E noi vogliamo ricordarla così, quando il 21 dicembre 1953 debuttava al Teatro dell’Opera del Casinò in Chi è di scena?. Uno spettacolo di Michele Galdieri con Carlo Giuffrè, Sante Simeone e Giulia Pittaluga, soltanto per citare alcuni attori, che purtroppo non guadagnò il successo sperato. Come scrive Matilde Hochkofler nella monografia dedicata, “solo la bravura di Anna Magnani riuscì a strappare il caloroso applauso del pubblico”. Il suo “leggendario vigore agonistico” non cedette e addirittura impersonò magnificamente i vari ruoli iscritti nei quadri che componevano la rivista teatrale: “Era la figliastra in I sei personaggi in cerca d’autore, la protagonista di la Passeggiata di D’Annunzio, la Goulue in … E Toulouse-Lautrec, la Dea Roma di I castigati, Alice in E Alice che non si meraviglia più, la Cerbiatta nel Sogno di una notte di mezza estate”.

Sulle soglie della crisi del genere e dell’avvento della televisione, Chi è di scena? concluse la partecipazione della Magnani alla rivista e la concedette alle più alte stelle del cinema. Dopo Sanremo infatti intraprese una lunga e luminosa carriera cinematografica, riuscendo laddove nessuna interpreta italiana era mai riuscita prima. Nel 1956 conquista il Premio Oscar quale miglior attrice protagonista per La rosa tatuata, il suo primo film americano, seguito poi da Selvaggio è il vento di Cukor e Pelle di serpente di Lumet. Parallelamente diventa l’interprete più richiesta dai maggiori signori della pellicola: De Sica, Pasolini, Visconti, Rossellini, Mattoli, Camerini, Zampa a Lattuada. Tutti la vogliono, tutti l’ammirano, anche i magniloquenti signori delle lettere: da Tennesse Williams a Ungaretti, da Montanelli a Jean Renoir.

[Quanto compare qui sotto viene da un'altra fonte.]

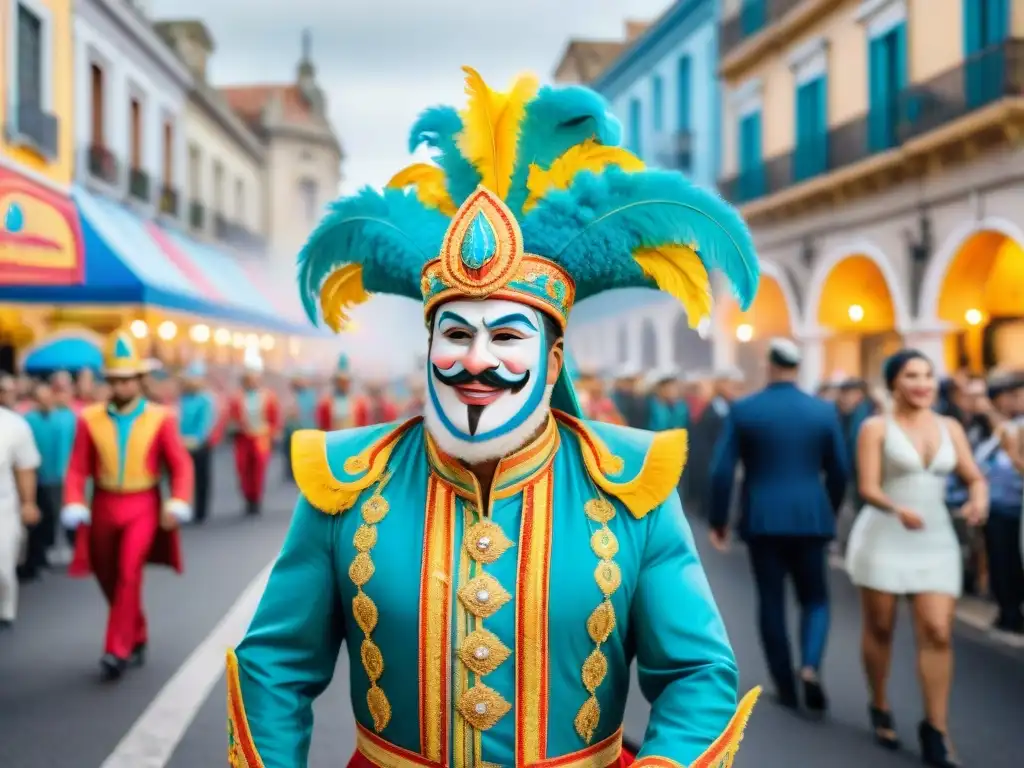 Vibrante desfile de carnaval en Uruguay con coloridos carros alegóricos, bailarines y músicos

La sua ultima apparizione film risale al 1972. Federico Fellini era riuscito a strapparle un piccolo cameo per Roma, e nonostante la fugacità, la sequenza resta indimenticabile: la Magnani si avvia verso il portone del palazzo mentre la voce fuori campo racconta: “Anna Magnani è un’attrice romana, simbolo stesso di Roma, vista come lupa e vestale, aristocratica e stracciona, tetra, buffonesca, potrei continuare all’infinito”. La Magnani si gira con un sorriso debole gli risponde “Federì, vattene a dormire”. Lui però insiste: “Ti posso fare una domanda?”. “No, non mi fido – ironizza la donna – Buonanotte”, e si chiude la porta alle spalle.